Judging by the amount of tyre carnage that littered the side of the road, blown tyres must be a daily occurrence on this section of highway, but ignoring it all, we drove onwards with the gorgeous blue sea on our right-hand side and a cloudless sky overhead.
A few minutes after leaving the border area we stopped at a small town which had some shops, a mosque, a few administrative buildings and a petrol station. It was in the latter that I was delighted to discover that petrol was even cheaper in Saudi Arabia than in Qatar (where it was already sinfully cheap) and thirty five Saudi Riyals later (about £6.50)
we were off with a full tank, heading into the desert.
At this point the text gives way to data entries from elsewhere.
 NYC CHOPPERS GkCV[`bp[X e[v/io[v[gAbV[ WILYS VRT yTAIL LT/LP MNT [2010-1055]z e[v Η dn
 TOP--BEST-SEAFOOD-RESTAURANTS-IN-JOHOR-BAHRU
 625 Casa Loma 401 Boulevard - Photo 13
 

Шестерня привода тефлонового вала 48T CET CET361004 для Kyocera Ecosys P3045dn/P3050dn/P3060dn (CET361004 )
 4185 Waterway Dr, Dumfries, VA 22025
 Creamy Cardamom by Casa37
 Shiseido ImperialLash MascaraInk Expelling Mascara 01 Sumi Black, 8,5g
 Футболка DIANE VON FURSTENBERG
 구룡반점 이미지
The scenery was largely of scrub and brown sand with the occasional truck stop to break up the monotony. In the distance were a few low-lying hills and pylons, which lined much of the highway There were enough trucks on the road to keep us on our toes and on the back of one was a sign which read: WARNING: DIESEL DAMAGE, which I thought would make a pretty good name for a hard rock band. Diesel Damage in concert tonight!
A short while later we pulled off the highway to have a quick bite to eat and a lorry drove past carrying a cargo of camels. I stepped out of the car to have my photo taken for posterity and was hit by the oven-like heat of the desert. It was over 40 degrees Celsius and so I didn’t linger long, soon taking refuge back in the car. We set off again, and after ten minutes or so, the drab brown sand gave way to more traditional red, with even a few sand dunes thrown in to give the feeling that we were in the heart
of Arabia. I took out my camera to take a sweeping shot of the landscape and Angela shook her head. “This video you’re taking,” she quipped, “is going to be so boring. There’s nothing to see. I don’t know why you’re bothering.”
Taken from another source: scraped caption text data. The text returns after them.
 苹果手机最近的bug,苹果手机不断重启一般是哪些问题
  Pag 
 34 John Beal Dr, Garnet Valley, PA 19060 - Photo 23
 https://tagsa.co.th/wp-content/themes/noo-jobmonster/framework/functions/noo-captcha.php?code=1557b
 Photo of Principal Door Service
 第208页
An hour and a half later we arrived at the border with the UAE. The Saudi side of things was made up of another small town which looked largely deserted except for masses of trucks, all waiting in line to be inspected. Many of the drivers milled about by their cabs chatting to one another to pass the time. We stopped at a toilet only to discover it was of the ‘hole in the ground’ variety and so we drove onwards to the border.
It took a further three hours to reach Abu Dhabi and when we neared the city we passed a magnificent mosque, its white domes and minarets making it the most beautiful mosque we had ever laid eyes upon. Thirty minutes later we arrived at the hotel, the Beach Rotana, marvelling at the fact that we had driven all the way by ourselves.
The next day we simply relaxed by the sea
or wandered the huge mall which actually adjoined the hotel. It was quite refreshing no to have to do any of the usual sightseeing we usually did on our trips; we had decided to simply hang about. We had earned it after our long drive.